The Volvo P1800 is a sports car that can be summed up in one word … cool. It’s the kind of car you can stand and admire, then change your viewing angle and admire some more. Every angle has detail and character, something that’s missing in a lot of modern day cars. Penned by Pelle Petterson of Italian design firm Frua, the P1800 shape is fascinating with lashing of chrome, wonderful lines and curves, and stylish rear fins that could have come straight off a scifi Jetsons’ car. These combinations make for a pretty unique design that feels more American than Scandinavian. The chrome detailing (there’s a lot of it) and those rear fins are what give the Volvo P1800 this American style and it would certainly have felt quite at home in any drive-in cinema in the US. But the detailing is done in a more typically Scandinavian minimalist way, which gives the car a more graceful appearance, rather than the sheer bulk carried off by its American counterparts. And while there is a lot of chrome on the car, it’s just right.
With such a striking exterior, it is only fitting to have an even more striking interior. First of all there’s the impressive front leg room which is immediately apparent when you climb into the low slung yet comfortable leather seats. It’s huge! Older cars can be slightly cramped, especially for those of a taller inclination. The leg room up front is superb and goes on for miles, at the expense however of the rear seats which are really a shelf (a very handy folding shelf at that with straps for extra luggage – a hint of it’s GT potential). However it is the incredibly beautiful dashboard that deserves most attention. Fashioned from stainless steel and chrome it is one of the most impressive dashes you will ever see and is right up there with the best chrome dashed American cars of the 1950s/60s.
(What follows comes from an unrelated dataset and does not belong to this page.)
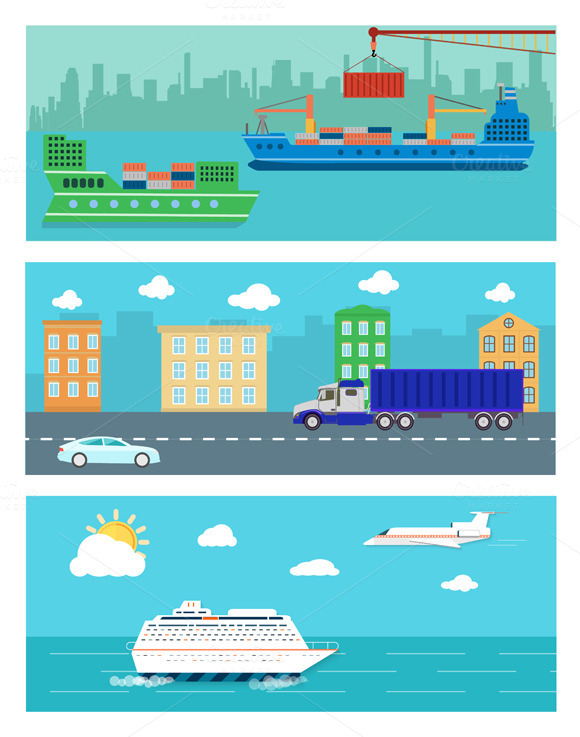 Shipping Delivery Car Ship Plane Shipping Delivery Car Ship Plane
While some may argue it’s not the best thought out dashboard from a usability perspective (the radio is on the passenger side making it a bit of a stretch for the driver to reach for example), what they cannot argue about is the affect it will have when you sit in the drivers seat and take in the view. This is where the Scandinavian style takes centre stage. The large steering wheel looks as attractive as a traditional wooden Nardi wheel from the same era. The look is clean and polished with all the dials nicely spaced out in a balanced fashion. It may sound very simple to say but the dashboard is just cool. And at night it gets even more impressive. Again the dashboard design is an absolute triumph. Hands down it is one of the best illuminated examples you’ll ever see, rivalling even modern days cars. There is a wonderful glow from the instrument panels with the metal surfaces helping to enhance that glow. As soon as the night draws in and you switch on the lights, the cool factor increases by a factor of twenty. It makes you want to drive the car at night just so you can enjoy them. It looks that good!
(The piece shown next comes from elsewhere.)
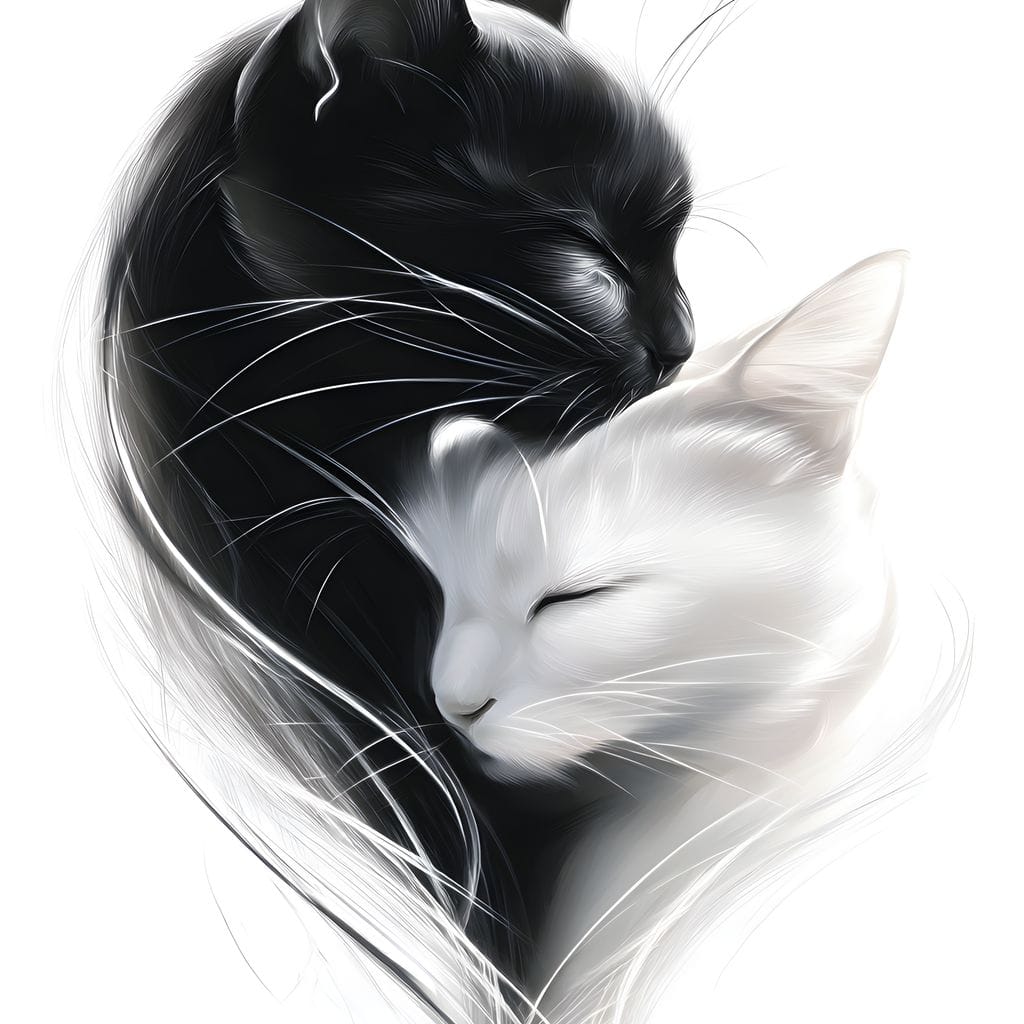 Cats Embrace Canvas Wall Art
You are probably thinking by now that I’ve run out of “cool” comments to make about this car. There are more to come. The Volvo P1800 cannot be discussed without saying “The Saint” in the same breath. I am of course referring to the 1960s tv show that stared Roger Moore. Nowadays we are used to seeing our tv stars driving round in stylish cars (mostly for product placement purposes), but in the 1960s it was a formula that was in its infancy, with many car manufacturers not recognising the huge marketing potential waiting to be tapped into.
The story goes that when “The Saint” was being commissioned, the production company approached Jaguar for an E-Type, who promptly refused to get involved. So in stepped Volvo with the P1800 and from then on, its fame was secured. While the P1800 was not as successful as the Jaguar E-Type, sales rallied thanks to its connection with the show. Roger Moore and his Robin Hood like character Simon Templar ensured that it’s fame was up there with the Jaguar, receiving cult status and making it instantly recognisable. And just like Roger Moore, the Volvo P1800 was smooth, suave and cool, the perfect combination. You could argue it played a part with him getting the James Bond job. He did after all have “experience driving cool cars” on his resume.
After spending a day with Barry’s Volvo P1800 I was left with the impression that it is a very capable grand tourer. The cabin is a comfortable, attractive place to sit, there’s lots of luggage space in the boot and on the back seat. And with a smooth 1778cc engine fed by twin SU carbs and a 4 speed overdrive gearbox, it has enough power to keep pace with modern traffic. It ticks all the boxes for a speedy GT cruiser. But the P1800S isn’t a car for the fast lane. It’s a long distance cruiser that will happily whisk you along in style to your weekend holiday destination. And once you check in at your destination you’ll have to resist the urge to say that your name is Simon Templar.